For the past hours, I have been carrying this pain in my chest. Something that I think would last for a very long time. God knows how much I love him. But I can't hold on to something that I do not have. All that's left now are memories of what used to be. And the worse part is, I've come to realize how much space he occupied in my heart. Every place I go to reminds me of him. A while ago I was in Cybermall looking for something to eat when I saw Mang Inasal. I remember the day when he had a training in Eastwood and we ate lunch together. I was happy then, though now that I thought of it, maybe he was already in love with someone else at that time.

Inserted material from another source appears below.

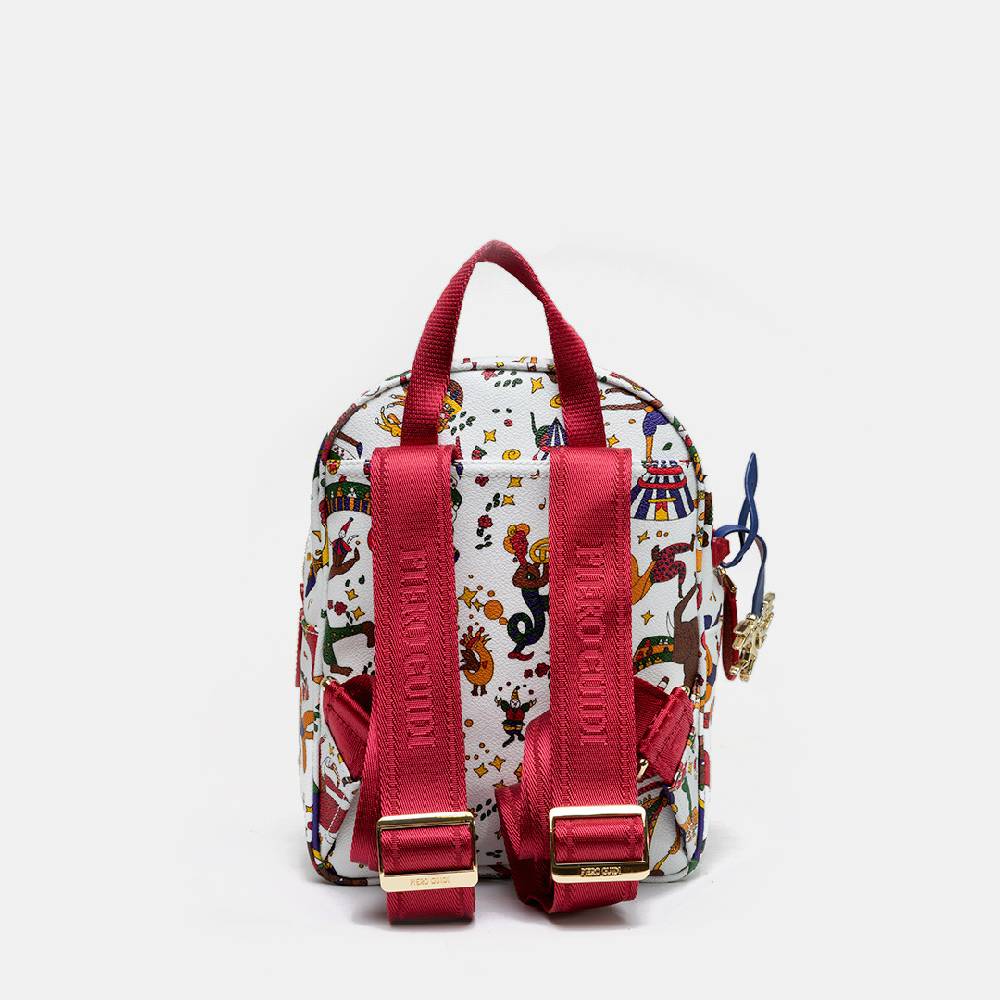 Piero Guidi PIERO GUIDI BACKPACK/ZAINO SMALL Shopping Online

I find it interesting to know that the simple things you do with someone you love makes a deep cut in your memories. They sculpt you to what you are now. These are insignificant things that you do with your partner, but when you're already on your own, you realize that they have made a deep cut to your heart. Strong memories that bring back intensified emotions. And when you wake up, you'll see nothing but know that it is there because you still feel the pain.
Life must go on. The trick is keep breathing. That's what I'm gonna do. When I'm ready, I'll post my last entry to this blog. A letter to him.